Step 6: Analyse the Landscape

Once you have removed duplicate structures you can use the final database to analyse the results. The following command can be used to create a csv file of the final structures ordered by energy (default). Each structure will also be saved to a compressed archive in shelx format by default.

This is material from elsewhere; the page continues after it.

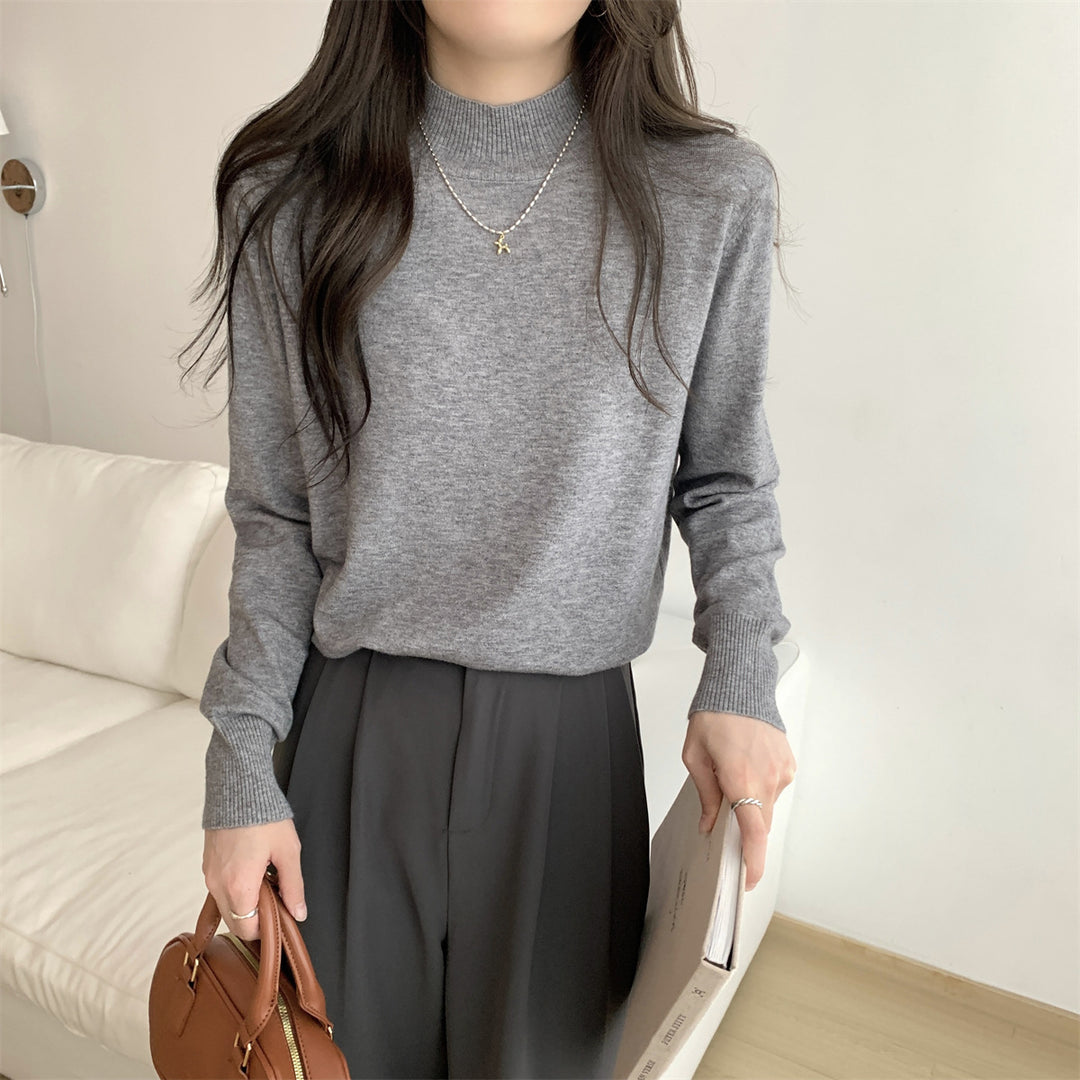 Damen Feinstrickpullover mit modernem Stehkragen und lässigem Schnitt Drune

usage: cspy-db dump [-h] [-t TABLE_OUTPUT] [-r STRUCTURE_OUTPUT] [-f {cif,res}] [-d] [-e ENERGY] [--parse-metadata] [-s SORT_BY]
           [--log-level {INFO,DEBUG,ERROR,WARN}]
           databases [databases ...]

positional arguments

  • databases - Databases to process.

optional arguments

  • -h, --help - Show this help message and exit

  • -t TABLE_OUTPUT, --table-output TABLE_OUTPUT- Name of .csv output file

  • -r STRUCTURE_OUTPUT, --structure-output STRUCTURE_OUTPUT - Name of .zip output file

  • -f {cif,res}, --structure-filetype {cif,res}- File type for compressed structures

  • -d, --include-duplicates- Dump duplicate structures also

  • -e ENERGY, --energy ENERGY - Dump structures that are a within the inputted energy from the global minimum

  • --parse-metadata - Include metadata

  • -s SORT_BY, --sort-by SORT_BY - Sort by a specified column (id, spacegroup, density, energy, minimization_step, trial_number, minimization_time, metadata)

  • --log-level {INFO,DEBUG,ERROR,WARN} - Control level of logging output

We have provided some example python scripts in the Useful Scripts section which can be used to visualise the landscape.